Bekannt war bereits, dass sich die meisten Menschen ab der Lebensmitte nicht so alt fühlen, wie sie objektiv sind. Die Gruppe um den Psychologen Markus Wettstein von der Berliner Humboldt-Universität wollte nun wissen, wie sich dieser Effekt nicht nur mit steigendem Alter, sondern auch über die Generationen hinweg verändert.

Die Analyse der SOEP-Daten ergab: Im Mittel empfinden sich die Menschen in Deutschland rund 11,5 Prozent jünger als sie tatsächlich sind – mit 60 Jahren fühlen sie sich also im Schnitt wie Anfang 50. Mit zunehmendem Alter steigt zwar auch das subjektive Alter, aber nicht im gleichen Tempo wie das wahre Alter, sondern immer langsamer: Der Verjüngungseffekt nimmt alle zehn Jahre um 1,6 Prozentpunkte zu.

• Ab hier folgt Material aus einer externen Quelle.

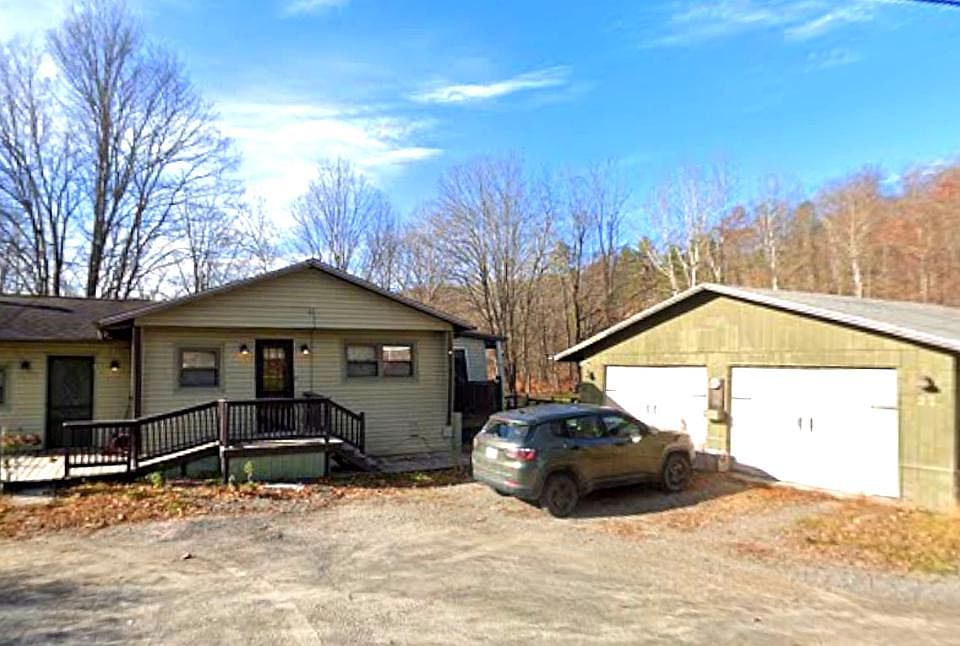 1st image of 23 Stevens Point Rd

Nach eigenem Empfinden altern wir stetig langsamer

Und mit jeder Generation verstärkt sich der Effekt sogar noch. Die Menschen altern demnach heute subjektiv langsamer als noch vor 10, 20 oder 30 Jahren. So fühlt sich ein 60-Jähriger heute im Mittel noch mal um zwei Prozent jünger als ein 60-Jähriger vor zehn Jahren. Das bedeutet: Die «jüngeren» Generationen, geboren 1952 bis 1974, empfinden sich mit 40 Jahren sogar schon 13 Prozent jünger und mit 65 Jahren bis zu 17 Prozent jünger als sie sind.

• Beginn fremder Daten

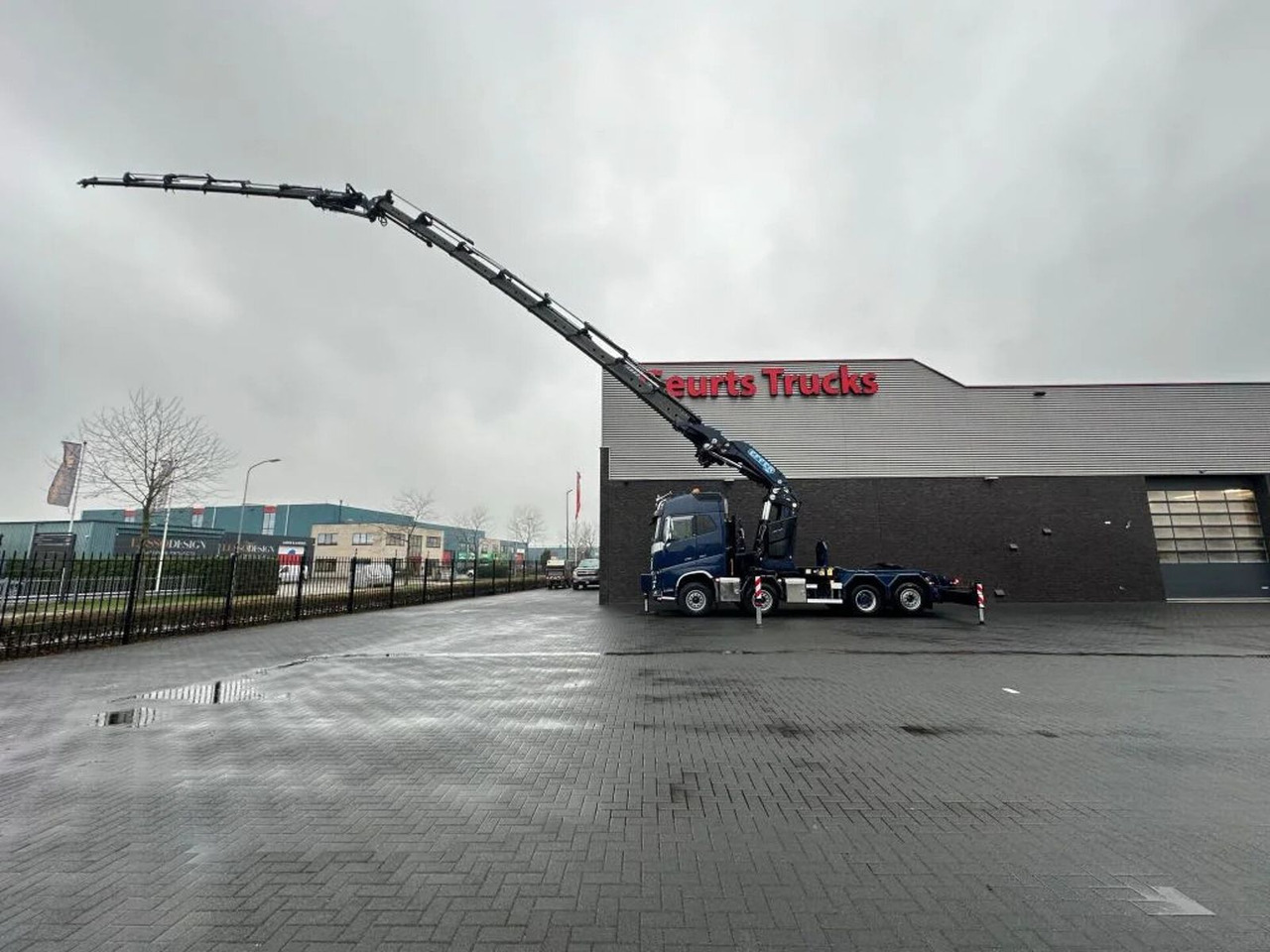 Volvo FH 16.650 8X2 + EFFER 1855/8S + JIB 6S HEAVY DUT - Tracteur routier: photos 5 Volvo FH 16.650 8X2 + EFFER 1855/8S + JIB 6S HEAVY DUT - Tracteur routier: photos 5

Das Gefühl, jung zu bleiben, haben allerdings nicht alle im gleichen Mass. Bei Frauen ist es im Mittel stärker als bei Männern und bei Westdeutschen stärker als bei Ostdeutschen. Weniger ausgeprägt ist es ausserdem bei einsamen und bei chronisch kranken Menschen.

Das subjektive Alter gilt als «biopsychosozialer Marker»: Je jünger man sich fühlt, desto besser sind die körperliche und geistige Fitness sowie das Wohlbefinden. Doch manche gesundheitliche Risiken steigen damit auch, etwa sich mit Covid-19 anzustecken, wie die Forschungsgruppe berichtet. Sich jünger zu fühlen, zeige ausserdem eine gefühlte Distanz (Dissoziation) zur eigenen Altersgruppe, die durchaus als alt wahrgenommen werde. Das immer jüngere subjektive Alter könne somit den Trend zu negativen Altersstereotypen widerspiegeln.